6. Lenin e Mao fecharam as suas fronteiras contra a concorrência internacional dos países desenvolvidos de modo a que pudessem tirar os seus países do atraso milenar das monarquias feudais dos czares e mandarins. Ao invés de uma revolução comunista, fizeram uma revolução capitalista estatizante. Nesse sentido obtiveram sucessos iniciais, pois o capitalismo é capaz de promover um crescimento civilizacional, ainda que predatório (tal como a guerra, sua filha predileta, que promove avanços tecnológicos a custa do genocídio), e isso ocorreu na Rússia e na China. Mas atingido determinado estágio de crescimento, esses países esbarraram numa mesma e velha questão do limite de expansão e tiveram que abrir as suas portas para o mercado internacional. A queda do muro de Berlim, antes de significar a vitória do capitalismo, significou a queda da última barreira expansionista, prenunciando a sua inviabilidade completa como modo de mediação social. É o oposto do que pareceu ser.
A China, a Índia e a Indonésia (vizinhos), que juntos correspondem a quase metade da população mundial têm sido fator de explicitação das contradições do capitalismo e do agravamento do seu caminhar rumo ao crash internacional.
Esses são alguns pontos que servem de contra-argumentos aos questionamentos que você levantou.
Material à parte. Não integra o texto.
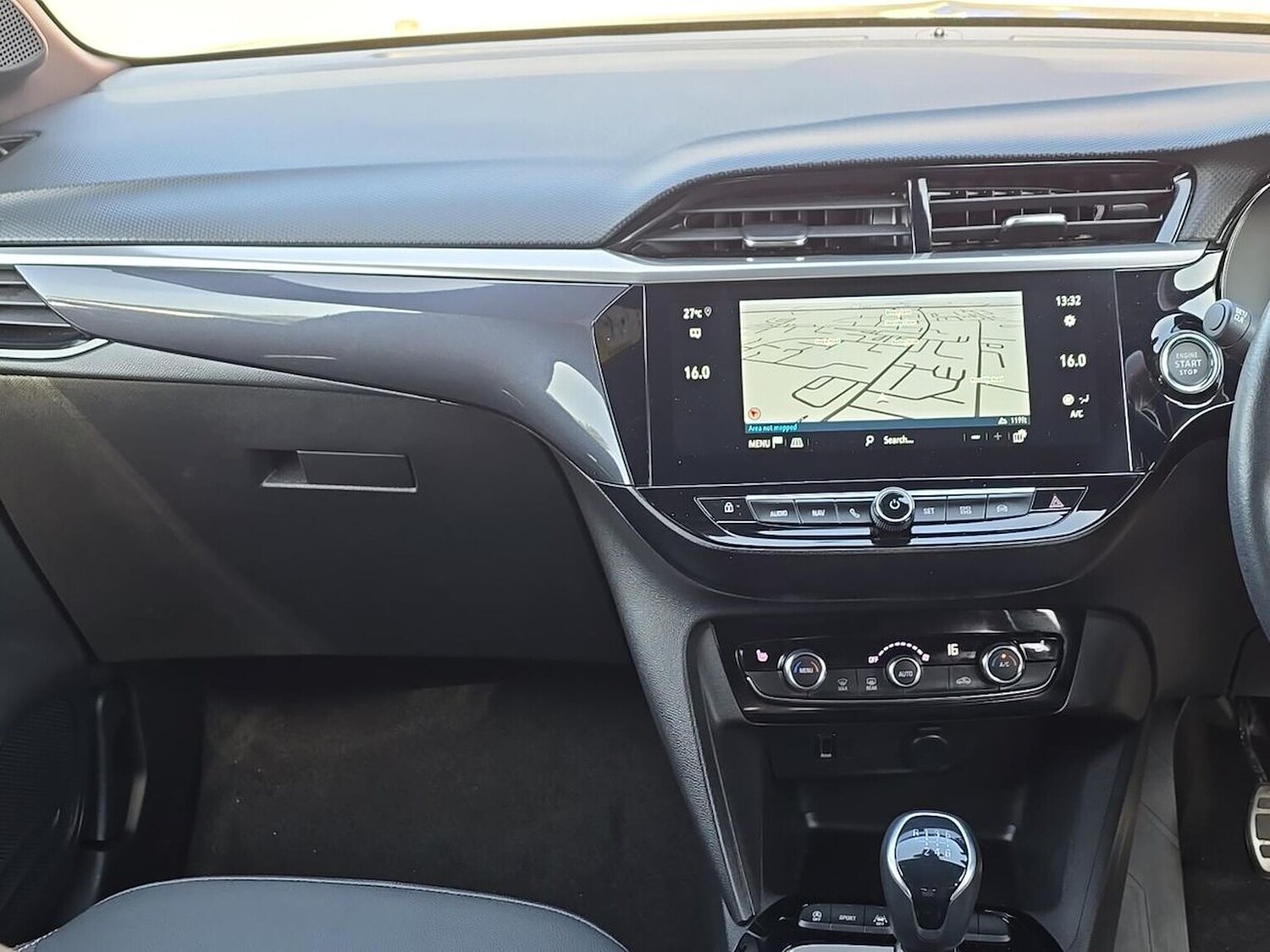 Used Vauxhall Corsa 2023 for sale - 78218640: Photo 33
Agradeço muito a oportunidade que você provoca no debate com suas observações, pois somente com o confronto da teoria com a empiria da vida social é que podemos chegar a conclusões que nos livrem do caos instalado mundialmente pelo capitalismo e que se prenuncia como tenebroso em termos de futuro caso não seja superado conscientemente.
Dalton Rosado
Obs.: no item 3 da resposta do Dalton Rosado ao Jorge Rebolla, penúltima linha, onde está "dólares poderes" leia-se "dólares podres".